External Plagiarism Detection 2009
Synopsis
- Task: Given a set of suspicious documents and a set of potential source documents, the task is to find all plagiarized passages in the suspicious documents and their corresponding source passages in the source documents.
- Input: [data]
- Evaluator: [code]
Award
We are happy to announce the following overall winner of the 1st International Competition on Plagiarism Detection who will be awarded 500,- Euro sponsored by Yahoo! Research:
- Task winner of the external plagiarism detection task, and overall winner, are Cristian Grozea, Christian Gehl, and Marius Popescu from Fraunhofer FIRST and the University of Bucharest.
Congratulations!
Input
To develop your approach, we provide you with a training corpus which comprises a set of suspicious documents and a set of source documents. A suspicious document may contain plagiarized passages from one or more source documents.
Output
For each suspicious document suspicious-documentXYZ.txt
found in the evaluation
corpora, your plagiarism detector shall output an XML file
suspicious-documentXYZ.xml
which contains meta information about all plagiarism
cases detected within:
<document reference="suspicious-documentXYZ.txt"> <feature name="detected-plagiarism" this_offset="5" this_length="1000" source_reference="suspicious-documentABC.txt" source_offset="100" source_length="1000" /> ... </document>
The source_*
attributes may be omitted in case no source document can be identified for
a given detected plagiarized passage.
Evaluation
Performance will be measured using macro-averaged precision and recall, granularity, and the plagdet score, which is a combination of the first three measures.
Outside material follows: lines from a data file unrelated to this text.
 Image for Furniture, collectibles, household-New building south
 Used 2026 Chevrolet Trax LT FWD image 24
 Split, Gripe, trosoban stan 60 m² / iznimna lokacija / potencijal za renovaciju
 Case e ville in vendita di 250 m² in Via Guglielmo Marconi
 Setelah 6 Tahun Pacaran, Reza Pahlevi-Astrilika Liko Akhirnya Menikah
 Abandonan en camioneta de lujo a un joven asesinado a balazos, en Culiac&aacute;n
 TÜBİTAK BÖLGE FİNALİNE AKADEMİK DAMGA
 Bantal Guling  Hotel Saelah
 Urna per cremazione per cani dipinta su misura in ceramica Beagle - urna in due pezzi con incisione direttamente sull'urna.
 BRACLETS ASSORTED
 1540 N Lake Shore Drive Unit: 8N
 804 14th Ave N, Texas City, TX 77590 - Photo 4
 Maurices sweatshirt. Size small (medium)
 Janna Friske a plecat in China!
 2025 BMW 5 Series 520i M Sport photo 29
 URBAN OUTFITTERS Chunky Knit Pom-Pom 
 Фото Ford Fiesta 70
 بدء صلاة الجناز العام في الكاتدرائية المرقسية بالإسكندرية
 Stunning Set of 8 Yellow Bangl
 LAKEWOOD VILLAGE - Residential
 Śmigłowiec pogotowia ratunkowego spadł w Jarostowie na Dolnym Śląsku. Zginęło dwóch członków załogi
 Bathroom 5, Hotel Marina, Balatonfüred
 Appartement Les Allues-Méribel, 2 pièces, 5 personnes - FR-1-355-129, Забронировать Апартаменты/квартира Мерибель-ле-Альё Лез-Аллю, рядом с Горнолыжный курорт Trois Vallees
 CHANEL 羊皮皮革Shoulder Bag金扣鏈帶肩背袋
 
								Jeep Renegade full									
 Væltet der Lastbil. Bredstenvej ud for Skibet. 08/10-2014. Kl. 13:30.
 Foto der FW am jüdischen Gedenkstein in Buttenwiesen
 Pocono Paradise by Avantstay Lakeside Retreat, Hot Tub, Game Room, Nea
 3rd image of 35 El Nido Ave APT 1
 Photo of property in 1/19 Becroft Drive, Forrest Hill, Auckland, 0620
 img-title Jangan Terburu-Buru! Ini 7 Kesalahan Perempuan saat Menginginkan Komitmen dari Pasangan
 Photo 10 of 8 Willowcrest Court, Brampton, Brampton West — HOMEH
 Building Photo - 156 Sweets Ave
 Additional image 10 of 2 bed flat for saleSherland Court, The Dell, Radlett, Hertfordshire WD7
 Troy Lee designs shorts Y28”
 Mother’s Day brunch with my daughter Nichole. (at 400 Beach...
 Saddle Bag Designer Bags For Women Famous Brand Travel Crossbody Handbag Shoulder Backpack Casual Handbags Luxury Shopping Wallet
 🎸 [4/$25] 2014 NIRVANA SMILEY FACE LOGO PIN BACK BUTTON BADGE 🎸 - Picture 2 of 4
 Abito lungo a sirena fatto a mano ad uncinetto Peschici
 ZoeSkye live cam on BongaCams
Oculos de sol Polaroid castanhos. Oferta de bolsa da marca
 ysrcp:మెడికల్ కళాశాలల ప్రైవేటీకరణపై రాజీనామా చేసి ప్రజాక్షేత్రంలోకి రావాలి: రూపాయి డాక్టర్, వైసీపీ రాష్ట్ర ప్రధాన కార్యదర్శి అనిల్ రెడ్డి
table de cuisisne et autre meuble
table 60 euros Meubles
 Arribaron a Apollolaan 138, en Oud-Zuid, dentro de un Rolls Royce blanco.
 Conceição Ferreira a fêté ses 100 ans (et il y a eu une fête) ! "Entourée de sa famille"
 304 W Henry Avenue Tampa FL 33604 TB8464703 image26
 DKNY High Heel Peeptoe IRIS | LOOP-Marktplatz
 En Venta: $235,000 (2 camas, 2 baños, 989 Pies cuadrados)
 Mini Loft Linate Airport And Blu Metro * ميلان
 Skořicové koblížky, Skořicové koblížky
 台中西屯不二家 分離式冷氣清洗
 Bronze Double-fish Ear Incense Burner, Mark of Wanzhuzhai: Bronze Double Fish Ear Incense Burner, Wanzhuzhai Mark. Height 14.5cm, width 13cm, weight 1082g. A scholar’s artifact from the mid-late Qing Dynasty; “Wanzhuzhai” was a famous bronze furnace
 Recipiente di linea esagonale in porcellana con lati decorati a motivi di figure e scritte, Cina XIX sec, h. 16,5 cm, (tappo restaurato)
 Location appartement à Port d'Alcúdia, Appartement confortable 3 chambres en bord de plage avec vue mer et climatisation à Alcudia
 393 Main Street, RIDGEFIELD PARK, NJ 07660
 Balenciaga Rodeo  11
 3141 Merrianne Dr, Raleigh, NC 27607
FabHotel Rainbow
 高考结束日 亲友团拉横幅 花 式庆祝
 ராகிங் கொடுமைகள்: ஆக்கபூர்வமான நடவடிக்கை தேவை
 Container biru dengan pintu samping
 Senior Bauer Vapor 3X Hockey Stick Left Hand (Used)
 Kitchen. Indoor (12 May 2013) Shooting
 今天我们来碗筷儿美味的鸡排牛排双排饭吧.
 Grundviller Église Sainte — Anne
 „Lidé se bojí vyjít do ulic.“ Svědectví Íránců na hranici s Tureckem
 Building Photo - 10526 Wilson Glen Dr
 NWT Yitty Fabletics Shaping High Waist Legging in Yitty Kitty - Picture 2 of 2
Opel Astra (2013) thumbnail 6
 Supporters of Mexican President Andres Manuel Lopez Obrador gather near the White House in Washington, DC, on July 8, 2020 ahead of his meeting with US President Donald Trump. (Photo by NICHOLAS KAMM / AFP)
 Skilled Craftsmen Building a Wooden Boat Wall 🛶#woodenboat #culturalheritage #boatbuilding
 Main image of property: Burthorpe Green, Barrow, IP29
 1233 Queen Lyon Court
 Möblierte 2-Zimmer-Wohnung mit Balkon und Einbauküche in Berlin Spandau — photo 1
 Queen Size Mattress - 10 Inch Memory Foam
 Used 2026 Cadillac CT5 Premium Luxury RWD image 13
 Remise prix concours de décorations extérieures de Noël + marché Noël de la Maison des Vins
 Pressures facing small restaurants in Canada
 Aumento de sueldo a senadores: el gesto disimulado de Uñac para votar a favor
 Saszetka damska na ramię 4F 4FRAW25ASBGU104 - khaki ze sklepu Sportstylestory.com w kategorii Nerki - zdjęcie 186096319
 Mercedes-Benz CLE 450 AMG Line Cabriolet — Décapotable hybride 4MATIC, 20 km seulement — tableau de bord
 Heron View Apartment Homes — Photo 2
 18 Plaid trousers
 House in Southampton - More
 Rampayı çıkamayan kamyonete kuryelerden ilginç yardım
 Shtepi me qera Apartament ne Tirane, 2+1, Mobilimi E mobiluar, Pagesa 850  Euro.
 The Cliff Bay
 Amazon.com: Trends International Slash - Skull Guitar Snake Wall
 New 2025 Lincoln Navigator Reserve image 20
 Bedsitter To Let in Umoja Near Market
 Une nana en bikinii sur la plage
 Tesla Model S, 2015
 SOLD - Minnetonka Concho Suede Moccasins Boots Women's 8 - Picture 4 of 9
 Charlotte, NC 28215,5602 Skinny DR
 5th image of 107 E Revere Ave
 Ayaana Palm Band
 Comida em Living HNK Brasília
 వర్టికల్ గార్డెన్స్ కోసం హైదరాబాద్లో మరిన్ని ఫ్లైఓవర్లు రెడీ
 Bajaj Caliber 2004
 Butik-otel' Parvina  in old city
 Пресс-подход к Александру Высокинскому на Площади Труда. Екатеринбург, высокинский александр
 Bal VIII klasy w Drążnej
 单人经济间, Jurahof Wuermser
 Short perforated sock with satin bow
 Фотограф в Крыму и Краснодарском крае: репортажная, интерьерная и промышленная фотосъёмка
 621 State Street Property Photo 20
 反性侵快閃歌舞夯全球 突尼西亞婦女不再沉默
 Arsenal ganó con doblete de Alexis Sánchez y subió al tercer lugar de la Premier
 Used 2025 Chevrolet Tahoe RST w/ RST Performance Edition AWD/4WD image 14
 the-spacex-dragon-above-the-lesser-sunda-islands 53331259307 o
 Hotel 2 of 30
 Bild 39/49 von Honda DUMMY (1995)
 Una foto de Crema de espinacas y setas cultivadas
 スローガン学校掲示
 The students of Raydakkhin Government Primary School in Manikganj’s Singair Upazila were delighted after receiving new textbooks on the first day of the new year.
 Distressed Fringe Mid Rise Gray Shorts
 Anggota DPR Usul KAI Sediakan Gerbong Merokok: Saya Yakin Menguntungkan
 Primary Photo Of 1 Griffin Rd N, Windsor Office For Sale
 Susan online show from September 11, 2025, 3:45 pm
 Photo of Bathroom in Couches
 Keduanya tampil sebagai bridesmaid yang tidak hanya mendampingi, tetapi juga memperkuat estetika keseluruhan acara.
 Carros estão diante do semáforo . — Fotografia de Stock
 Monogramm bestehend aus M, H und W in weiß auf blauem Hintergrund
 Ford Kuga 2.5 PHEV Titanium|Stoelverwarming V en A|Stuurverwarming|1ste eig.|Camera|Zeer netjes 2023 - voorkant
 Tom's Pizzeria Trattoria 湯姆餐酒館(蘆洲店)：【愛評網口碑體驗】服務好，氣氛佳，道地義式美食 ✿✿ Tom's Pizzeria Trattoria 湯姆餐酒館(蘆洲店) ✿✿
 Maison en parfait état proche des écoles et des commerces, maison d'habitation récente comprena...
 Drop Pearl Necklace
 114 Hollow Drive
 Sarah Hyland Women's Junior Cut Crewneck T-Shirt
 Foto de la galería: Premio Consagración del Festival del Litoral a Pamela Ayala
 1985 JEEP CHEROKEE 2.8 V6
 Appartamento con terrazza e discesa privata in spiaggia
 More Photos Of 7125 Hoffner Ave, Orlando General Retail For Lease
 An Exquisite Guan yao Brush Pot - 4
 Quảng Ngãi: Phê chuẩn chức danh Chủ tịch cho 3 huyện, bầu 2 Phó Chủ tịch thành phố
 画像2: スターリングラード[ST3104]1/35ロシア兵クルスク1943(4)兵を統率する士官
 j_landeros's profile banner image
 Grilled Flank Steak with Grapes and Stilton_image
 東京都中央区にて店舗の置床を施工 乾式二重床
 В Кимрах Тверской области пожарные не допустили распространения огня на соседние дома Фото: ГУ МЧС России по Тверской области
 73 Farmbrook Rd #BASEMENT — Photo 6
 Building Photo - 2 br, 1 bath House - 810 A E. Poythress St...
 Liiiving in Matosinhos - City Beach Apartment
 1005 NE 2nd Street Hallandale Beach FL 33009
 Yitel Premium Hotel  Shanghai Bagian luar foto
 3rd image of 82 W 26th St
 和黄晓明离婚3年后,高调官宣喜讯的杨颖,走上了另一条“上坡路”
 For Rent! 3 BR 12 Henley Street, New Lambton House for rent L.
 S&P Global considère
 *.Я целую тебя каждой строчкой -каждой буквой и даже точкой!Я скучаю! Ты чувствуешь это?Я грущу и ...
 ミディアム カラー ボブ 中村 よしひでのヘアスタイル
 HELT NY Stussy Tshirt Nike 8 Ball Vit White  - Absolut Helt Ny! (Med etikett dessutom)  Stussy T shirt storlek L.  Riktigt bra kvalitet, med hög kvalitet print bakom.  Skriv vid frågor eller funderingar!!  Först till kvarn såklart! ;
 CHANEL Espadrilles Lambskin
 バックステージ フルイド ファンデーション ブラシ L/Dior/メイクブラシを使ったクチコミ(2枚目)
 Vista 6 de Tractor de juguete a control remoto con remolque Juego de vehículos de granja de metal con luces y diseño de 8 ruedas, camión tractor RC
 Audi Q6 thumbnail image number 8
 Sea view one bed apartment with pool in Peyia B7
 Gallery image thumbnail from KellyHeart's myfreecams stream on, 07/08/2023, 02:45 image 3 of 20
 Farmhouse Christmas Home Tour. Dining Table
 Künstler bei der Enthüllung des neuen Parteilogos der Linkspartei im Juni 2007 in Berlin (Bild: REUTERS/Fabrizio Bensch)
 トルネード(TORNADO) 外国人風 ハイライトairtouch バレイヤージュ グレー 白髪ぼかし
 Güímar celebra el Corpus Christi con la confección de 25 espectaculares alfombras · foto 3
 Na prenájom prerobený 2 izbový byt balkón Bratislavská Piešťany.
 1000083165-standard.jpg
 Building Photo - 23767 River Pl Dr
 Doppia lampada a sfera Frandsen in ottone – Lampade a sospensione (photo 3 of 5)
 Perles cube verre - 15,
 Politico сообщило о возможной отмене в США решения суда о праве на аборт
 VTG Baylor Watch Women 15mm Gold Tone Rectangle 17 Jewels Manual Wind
For your convenience, we provide a reference implementation of the measures written in Python.
Results
The following table lists the performances achieved by the participating teams:
Plagiarism Detection Performance | |
---|---|
Plagdet | Participant |
0.6957 | C. Grozea*, C. Gehl*, and M. Popescu° *Fraunhofer FIRST, Germany, and °University of Bucharest, Romania |
0.6093 | J. Kasprzak, M. Brandejs, and M. Křipač Masaryk University, Czech Republic |
0.6041 | C. Basile*, D. Benedetto°, E. Caglioti°, G. Cristadoro*, and M. Degli Esposti* *Università di Bologna and °Università La Sapienza, Italy |
0.3045 | Y. A. Palkovskii Zhytomyr State University, Ukraine |
0.1885 | M. Zechner, M. Muhr, R. Kern, and M. Granitzer Know-Center Graz, Austria |
0.1422 | V. Shcherbinin* and S. Butakov° *American University of Nigeria, Nigeria, and °Solbridge International School of Business, South Korea |
0.0649 | R. C. Pereira, V. P. Moreira, and R. Galante Universidade Federal do Rio Grande do Sul, Brazil |
0.0264 | E. Vallés Balaguer Private, Spain |
0.0187 | J. A. Malcolm and P. C. R. Lane Ferret, University of Hertfordshire, UK |
0.0117 | J. Allen Southern Methodist University in Dallas, USA |
A more detailed analysis of the detection performances can be found in the overview paper accompanying this task.